### WHAT NEEDS TO BE DONE
Would you write out every entry exactly, but without the pictures?

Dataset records
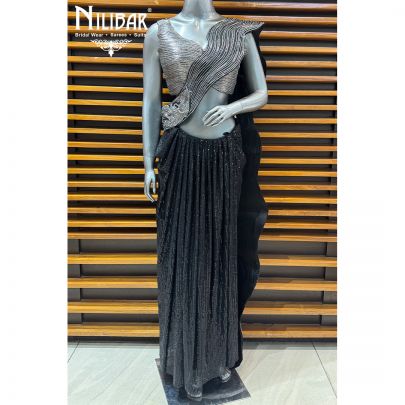 Black & Silver Net Drape Pleated Saree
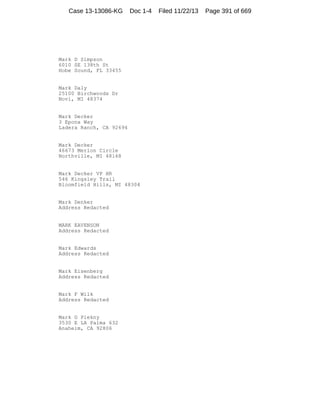 Case 13-13086-KG

Doc 1-4

Mark D Simpson
6010 SE 138th St
Hobe Sound, FL 33455

Mark Daly
25100 Birchwoods Dr
Novi, MI 48374

Mark Decker
3 Epona Way
Ladera Ranch, CA 92694

Mark Decker
46673 Merion Circle
Northville, MI 48168

Mark Decker VP HR
546 Kingsley Trail
Bloomfield Hills, MI 48304

Mark Denker
Address Redacted

MARK EAVENSON
Address Redacted

Mark Edwards
Address Redacted

Mark Eisenberg
Address Redacted

Mark F Wilk
Address Redacted

Mark G Piekny
3530 E LA Palma 632
Anaheim, CA 92806

Filed 11/22/13

Page 391 of 669

 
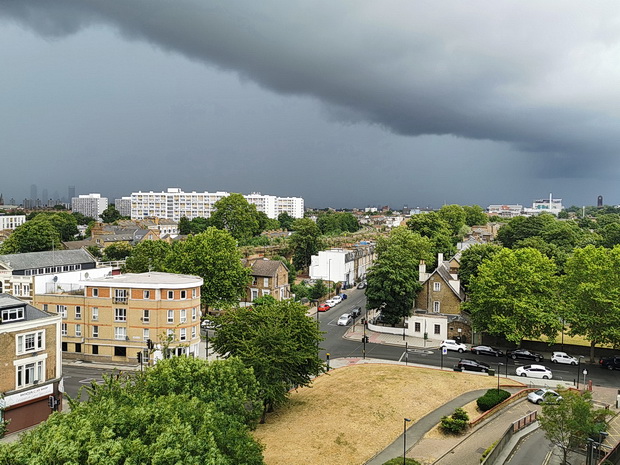 City in the mist: London seen from Brixton during yesterday's storms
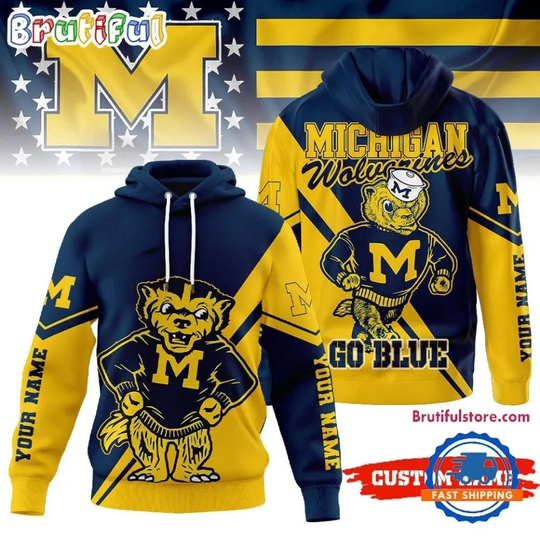 Michigan Wolverines Go Blue 3D All Over Printed Hoodie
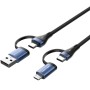 Comprar Cable USB 2.0 Tipo-C Vention CTLLF/ USB Tipo-C Macho - USB Macho/ MicroUSB Macho - USB Tipo-C Macho/ Hasta 100W/ 480Mbps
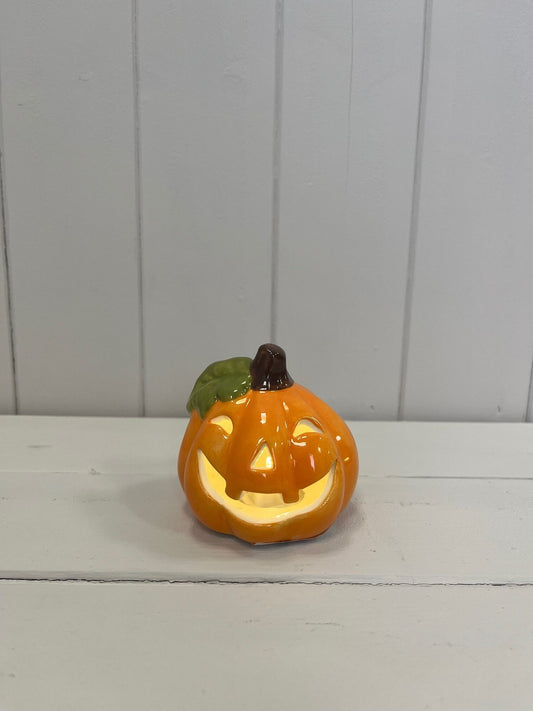 Orange Ceramic Pumpkin With LED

### WRITTEN SOLUTION
 Black & Silver Net Drape Pleated Saree
 Case 13-13086-KG

Doc 1-4

Mark D Simpson
6010 SE 138th St
Hobe Sound, FL 33455

Mark Daly
25100 Birchwoods Dr
Novi, MI 48374

Mark Decker
3 Epona Way
Ladera Ranch, CA 92694

Mark Decker
46673 Merion Circle
Northville, MI 48168

Mark Decker VP HR
546 Kingsley Trail
Bloomfield Hills, MI 48304

Mark Denker
Address Redacted

MARK EAVENSON
Address Redacted

Mark Edwards
Address Redacted

Mark Eisenberg
Address Redacted

Mark F Wilk
Address Redacted

Mark G Piekny
3530 E LA Palma 632
Anaheim, CA 92806

Filed 11/22/13

Page 391 of 669

 
 City in the mist: London seen from Brixton during yesterday's storms
 Michigan Wolverines Go Blue 3D All Over Printed Hoodie
 Comprar Cable USB 2.0 Tipo-C Vention CTLLF/ USB Tipo-C Macho - USB Macho/ MicroUSB Macho - USB Tipo-C Macho/ Hasta 100W/ 480Mbps
 Orange Ceramic Pumpkin With LED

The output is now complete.